Más bien, esta interrelación se corta debileradamente cuando  el programa (si existe) está dictado, ante todo, por los imperativos que provienen de la necesaria legitimación del partido como parte de la clase política (a la que se la confunde  de buena gana  con “el interés general”) y de las alianzas políticas y sociales que constituyen la primera condición (49).  De ese modo, esta “gran política”, finalmente emancipada de los influjos que le podían venir de lo más vivo de la sociedad civil y de sus conflictos, liberada del empacho de volver a darle una salida y un futuro a las demandas específicas que maduran en la historia de los movimientos sociales, puede tener su propia razón de ser –una vez presunta la exigencia de un “mandato” de la “clase” y de una legitimación para “gobernar” incluso en su nombre--  solamente mediante la capacidad de mediar entre los intereses de la capa política que debería, en primer lugar, expresar y tutelar (siendo identificados mediante la abstracción Estado con el interés general) y los intereses de los actores de la sociedad civil, frecuentemente en conflicto entre ellos.  Como puede verse es una “gran política” sin valores y principios fundantes.
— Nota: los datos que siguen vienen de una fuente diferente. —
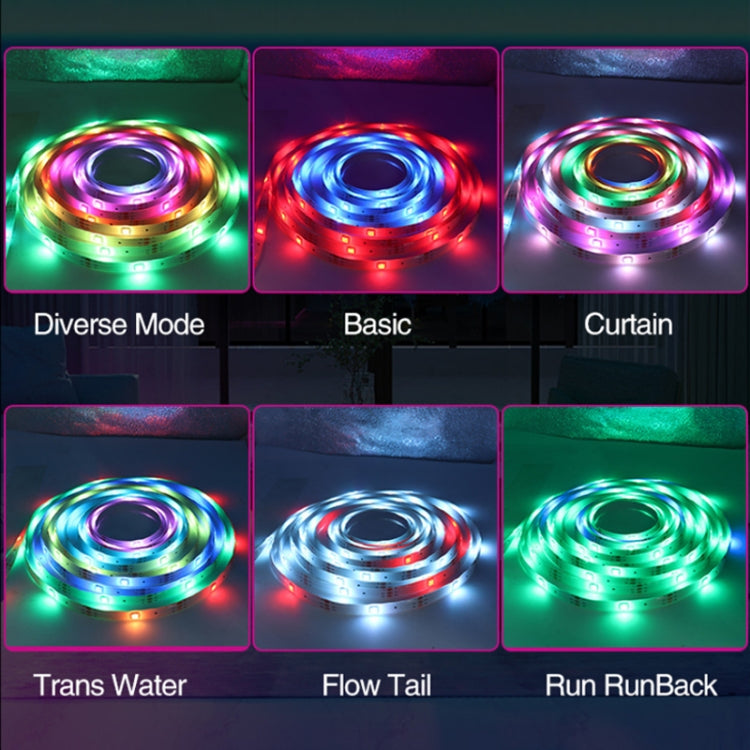 2.4G Remote Control LED Symphony Marquee Light Strip, Length: 5m 70 LEDs - Bare Board Light by PMC TechLife | Online Shopping South Africa | PMC TechLife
Que vive ya solamente  bajo lógicas de pertenencia y supervivencia.  O bajo los  presupuestos metafísicos de la “diversidad”.               


De esta manera se abre otra etapa en la singular aventura intelectual de un área de la izquierda radical italiana. Una etapa en cuyo recorrido estos veteranos del “salario político”  tratando de bajar –de lo alto del partido-Estado— a las situaciones, cada vez más complejas, del conflicto social buscando la oportunidad de encontrar (¡finalmente!) unos interlocutores menos reticentes en el campo de la izquierda oficial y en el sindicato. Es la etapa del “intercambio político” y del neocorporativismo (50). 

No es este el momento y el lugar de hacer un análisis crítico puntual de la regresión cultural y política que las crudas proclamas de la “autonomía de lo político” expresaron cuando se pusieron en marcha para exorcizar la derrota, incluso intelectual, del extremismo romántico de quienes se proclamaron obreristas y pretendieron interpretar las voluntades reales de la “clase per sé”.  Mucho se ha escrito al respecto y alguna que otra vez de modo pertinente (51). Nos interesa más seguir las huellas del análisis gramsciano de la sociedad civil y de la “guerra de posiciones” para conquistar las “casamatas” de la sociedad civil como alternativa al asalto y ocupación del Estado. De hecho, es en la sociedad civil donde Gramsci, como observa agudamente Norberto Bobbio, sitúa su polémica contra “la consideración exclusiva del plano estructural que conduce a la clase obrera a una lucha estéril y sin resultados (economicismo)” y contra “la consideración exclusiva del momento negativo del plano superestructural que conduce, también ella, a una conquista efímera, sin resultados (estatolatría, partitolatría)” y a “la falsa superación de las condiciones materiales que operan en la estructura, mediante el puro dominio sin consenso” (52).

Al día de hoy es incluso superfluo detectar cómo la substitución de las reflexiones de Gramsci con el descubrimiento de Hobbes y Schmitt (53) no eche cuentas, de un lado, con la clase obrera real --no ya reducible a “clase obrera”--  cada vez más articulada  en sus condiciones de vida y libertad, en sus demandas e identidades, y, de otro lado, tampoco con un Estado moderno que no reconoce las “clases” sino “grupos de interés”, que para “gobernar” se orienta a reducir a intereses “cuantificables” la multiplicidad de demandas, cualitativamente diversas entre ellas, que condición su modo de operar. Un Estado que no sólo no supera las corporaciones sino que tiende a crearlas y promoverlas para simplificar su propia mediación.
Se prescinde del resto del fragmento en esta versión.